I might be lying, though, 'cause there's no "proof".
What do you genuinely think they built upon from your paper?
If anything, the presentation of their results in such an accessible format next to the paper should be commended.
> LLMs/transformers make mistakes in different ways than humans do
Sure but I don't think this is an example of it. If you show people a picture and ask "how many legs does this dog have?" a lot of people will look at the picture, see that it contains a dog, and say 4 without counting. The rate at which humans behave in this way might differ from the rate at which llms do, but they both do it.
I don’t think there’s a person alive who wouldn’t carefully and accurately count the number of legs on a dog if you ask them how many legs this dog has.
The context is that you wouldn’t ask a person that unless there was a chance the answer is not 4.
You deeply overestimate people.
The models are like a kindergartner. No, worse than that, a whole classroom of kindergartners.
The teacher holds up a picture and says, "and how many legs does the dog have?" and they all shout "FOUR!!" because they are so excited they know the answer. Not a single one will think to look carefully at the picture.
It's hilarious how off you are.
Exactly this. Humans are primed for novelty and being quizzed about things.
You have never seen the video of the gorilla in the background?
That's a specific example that when you draw a human's attention to something (eg: count the number of ball passes in this video), they hyper-fixate on that, to the exclusion of other things, so it seems like it makes the opposite point that I think you're trying to?
Ok? But we invented computers to be correct. It’s suddenly ok if they can look at an image and be wrong about it just because humans are too?
My point is that these llms are doing something that our brain also is doing. If you don't find that interesting, I can't help you.
Well, they’re getting the same result. I don’t particularly see why that’s useful.
All automation has ever been is an object doing something that a human can do, without needing the human.
The result is still wrong, though! It needs to be right to be useful!
The analogy should be of an artist that can draw dogs but when you ask them to draw a dog with three legs they completely fail and have no idea how to do it. That likelihood is really low. A trained artist will give you exactly what you ask for, meanwhile GenAI models can produce beautiful renders but fail miserably when asked for certain specific but simple details.
No, the example in the link is asking to count the number of legs in the pic.
Ok, sure, but I'm trying to point out the gap in expectation, i.e. it's an expert artist but it cannot fulfill certain specific but simple requests.

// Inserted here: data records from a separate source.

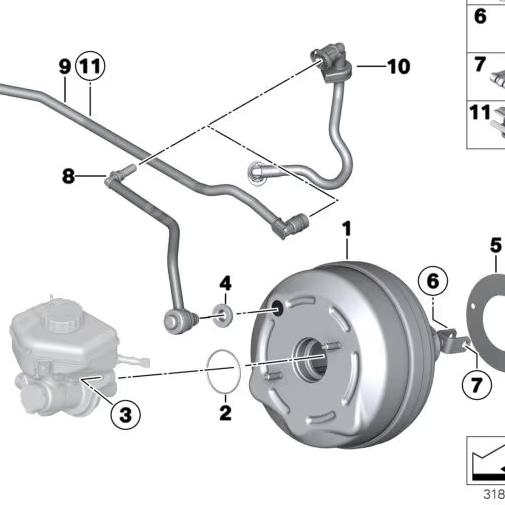 BMW F20 F21 F22 F23 F30 F31 F32 F33 F34 F36 Fren Servosu Westinghouse - 34336851097 BOSCH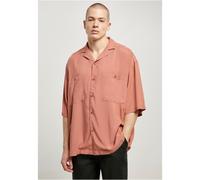 Urban Classics Oversize Resort Maglia Camicia Tempo Libero da Bowling Base Borsa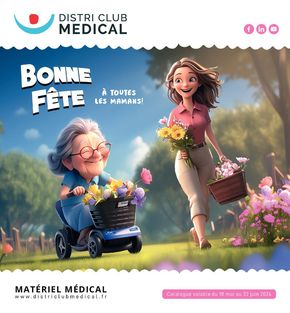 Promos de Santé et Opticiens à Cormontreuil (Marne) | Relance particuliers mai 2024 sur Distri Club Médical | 20/05/2024 - 31/05/2024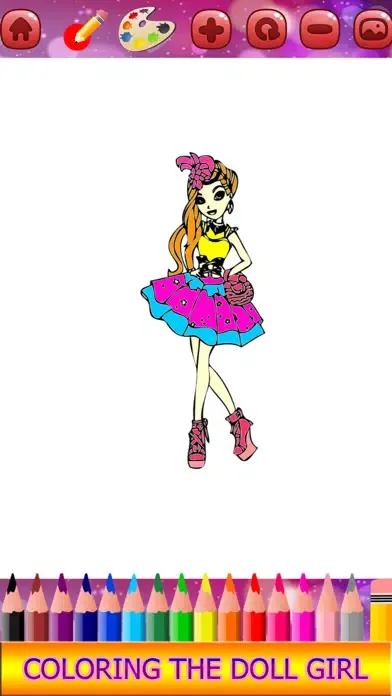 Capturas de pantalla de Dolls Girl Coloring book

https://chatgpt.com/s/m_683f6b9dbb188191b7d735b247d894df
I think this used to be the case in the way that you used to not be able to draw a picture of a bowl of Ramen without chopsticks, but I think the latest models account for this and are much better.
LInk is broken, but I'll take your word for it. However there is no guarantee the general subset of this problem is solved because you can always run into something it can't do. Another example you could try is a glass HALF-full of wine. It just can't produce a glass that has 50% amount of wine, or another example a jar half-full of jam. It's something that if a human can draw a glass of wine, drawing it half-full is trivial.
chatgpt can easily do that? What was the last time you tried?
I just tried with Flux.1 Kontext, which I assume is better than o3 at creating images, but I'll admit I didn't do extensive tests. It's more trying to do test projects. Maybe I'm having bad luck but doesn't seem that way.